ABOUT THIS EXERCISE
Output the full set of records exactly.

THE DATA
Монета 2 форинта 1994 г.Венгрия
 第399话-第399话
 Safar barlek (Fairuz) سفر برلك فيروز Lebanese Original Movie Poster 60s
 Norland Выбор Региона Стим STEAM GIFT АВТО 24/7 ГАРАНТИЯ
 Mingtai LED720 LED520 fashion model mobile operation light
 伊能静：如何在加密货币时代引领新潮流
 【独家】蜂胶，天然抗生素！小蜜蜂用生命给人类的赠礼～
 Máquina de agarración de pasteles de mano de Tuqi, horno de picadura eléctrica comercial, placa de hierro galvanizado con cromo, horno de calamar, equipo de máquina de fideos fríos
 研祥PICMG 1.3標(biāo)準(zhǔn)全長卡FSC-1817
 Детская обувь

EXERCISE ANSWER
Монета 2 форинта 1994 г.Венгрия
 第399话-第399话
 Safar barlek (Fairuz) سفر برلك فيروز Lebanese Original Movie Poster 60s
 Norland Выбор Региона Стим STEAM GIFT АВТО 24/7 ГАРАНТИЯ
 Mingtai LED720 LED520 fashion model mobile operation light
 伊能静：如何在加密货币时代引领新潮流
 【独家】蜂胶，天然抗生素！小蜜蜂用生命给人类的赠礼～
 Máquina de agarración de pasteles de mano de Tuqi, horno de picadura eléctrica comercial, placa de hierro galvanizado con cromo, horno de calamar, equipo de máquina de fideos fríos
 研祥PICMG 1.3標(biāo)準(zhǔn)全長卡FSC-1817
 Детская обувь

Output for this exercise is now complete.